ストルーヴは優れた画家ではないものの、熱心な芸術家であり、ストリックランドに深い敬意と友情を抱いていたりする。彼はストリックランドの才能を認め、彼のために多くの犠牲を払い、その結果は本を読んでいくとわかる。

ストルーヴという人間の理想像

この本を読んで、僕はストルーヴという男に、「人間らしさ」をみた。

ストルーヴは、ストリックランドの才能に強い敬意を抱き、彼のために多くの犠牲を払っている。この自己犠牲的な態度は、彼が他者に対して依存しやすく、自分自身の意思や欲望を後回しにしているように見えなくもない。

また、彼の妻ブランチがストリックランドと関係を持った後も、ストルーヴは彼女を許し、彼女を守ろうとしたりする。
(要するに、彼は妻をストリックランドに寝取られているが、それでも妻を愛し、許す。)

この姿勢は、ある種の弱さや、彼が人間関係において自分の感情を抑え込むような側面を持っていると考えられる。

この物語で、ストリックランドが「強さの象徴」を表しているとするなら、
ストルーヴは「強さと弱さが混じり合う人間の象徴」だと感じた。

ストルーヴは、例えばこんな台詞を残す。

こっちが愛するほどに、向こうから愛してもらえると思っていないよ、僕は道化だ。女に愛されるような人間じゃない。だから、ブランチはストリックランドになびいても、そのことを責める気はない。

この一文を読んだ時、僕は「強いな」と思ってしまった。ストルーヴは自分の弱さを自覚している。そしてそのネガティビティを遠ざけようとしない。

「無知の知」と類似した構造で、自分が知らないことを知っているだけ、賢くなれる。これも、自分の弱さを自覚している点で、ストルーヴは別の強さを持っている。これは人間が辿り着ける天井である気がしている。人間は皆弱いと俺は思っているし、ストリックランドのような人間は、フィクションだと思う。

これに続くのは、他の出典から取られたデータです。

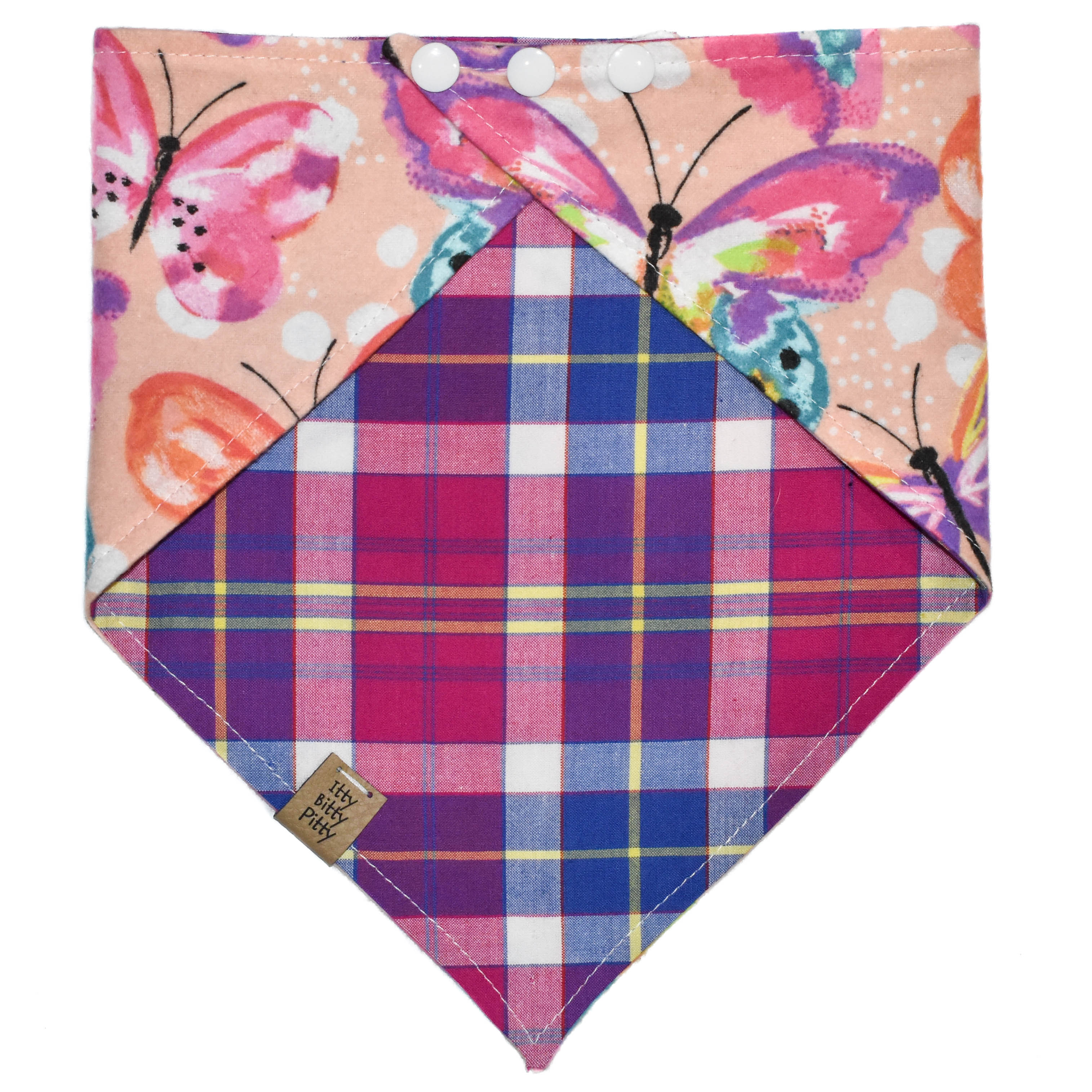 Pastel Butterflies Pet Bandana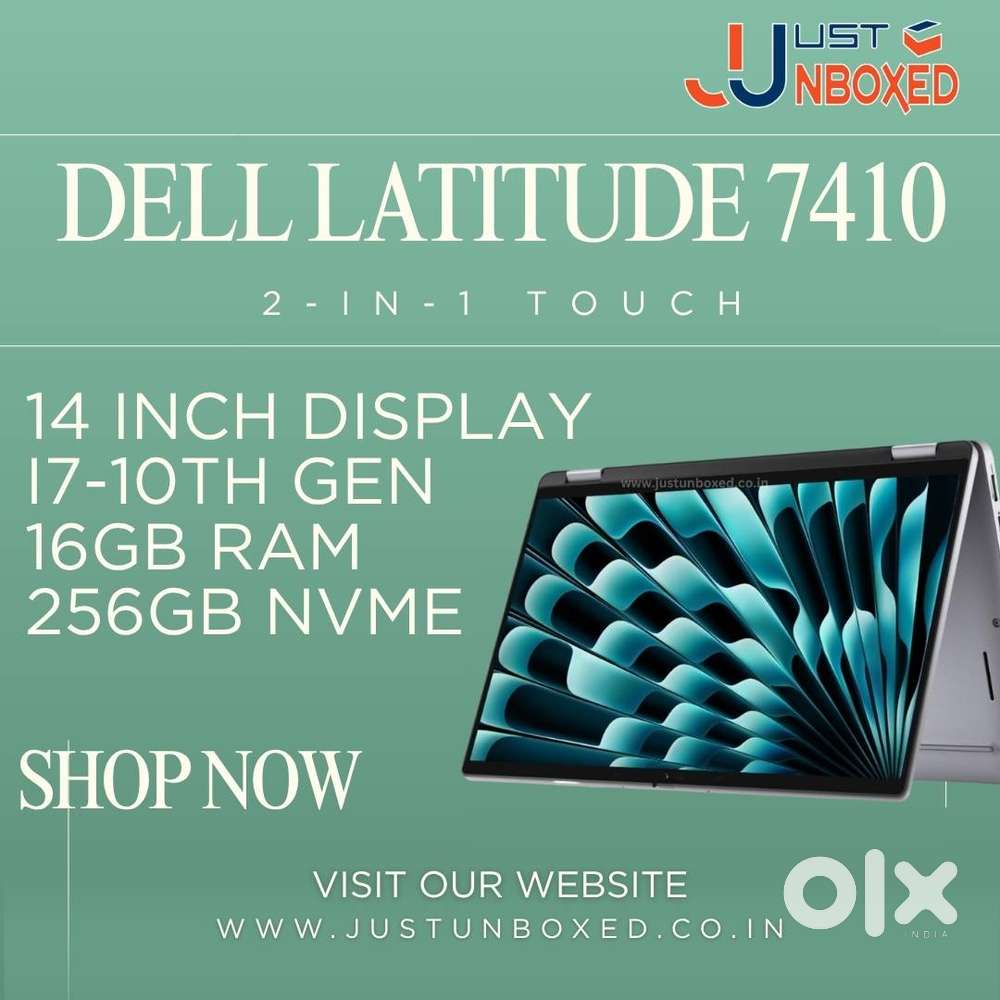 Dell Latitude 7410 2-in-1 Touch i7 10th Gen  16GB RAM  256GB SSD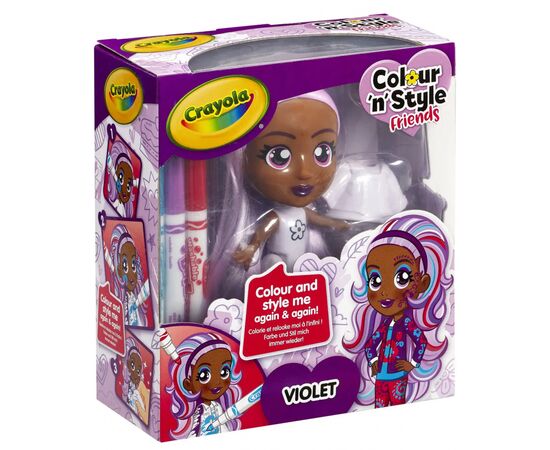 Набор для творчества Crayola Colour n Style Стильные девушки Виолетта (918939.005), изображение 6 Набор для творчества Crayola Colour n Style Стильные девушки Виолетта (918939.005), изображение 6
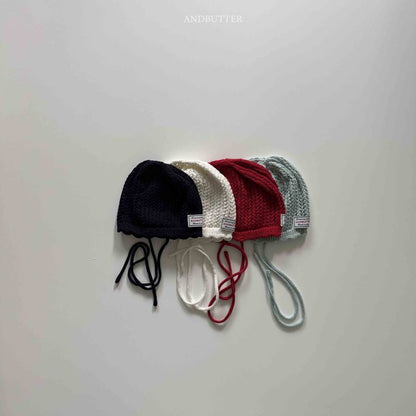 【予約】Croche Color beanie  / andbutter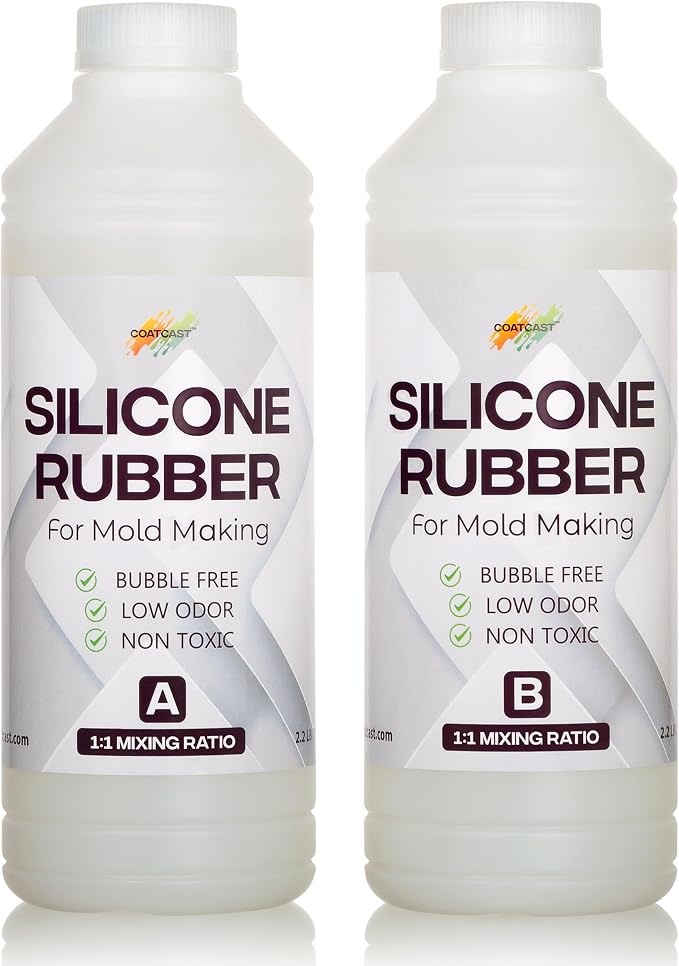 Silicone Rubber Kit 18A for DIY Mold Making – Super Elastic, Translucent - Image 2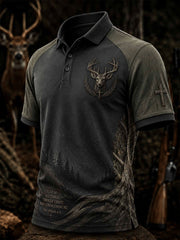 Men's Vintage Traditional Reindeer Pattern Western Shirt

そういう点で、ストルーヴは非常に魅力的なキャラクターだなと思った。

時代背景としての面白さ

ストリックランドはイギリス人なので、物語はイギリスから始まる。
当時の時代背景としては、西洋が発展し、東洋は野蛮な国として見られていたはずだ。そんな発展の中心地から、ストリックランドは豊かな暮らしを捨て、芸術の街のパリに移行する。

そして最終的にストリックランドが行き着くのは、南太平洋にある「タヒチ」と呼ばれる、原始的な島である。

先ほどストリックランドを軽く紹介するときに「人間関係や社会的な義務」と書いたが、当時の西洋はこういった因習が色濃く残っていたのだろうと思う。その因習、自らを拘束する鎖を断ち切るかのように、ストリックランドは原始へ回帰する。

当時の東洋は「野蛮」「原始」「未発展」というラベルがあったと同時に、
「魅惑」「甘美」のようなラベルも同時に持っていたと言われている。

この「魅惑の土地」で、最終的にストリックランドは芸術を完成させる。
これは、西洋を第一とした芸術観とは別の方向性を提示していて、これも含めて面白いと感じた。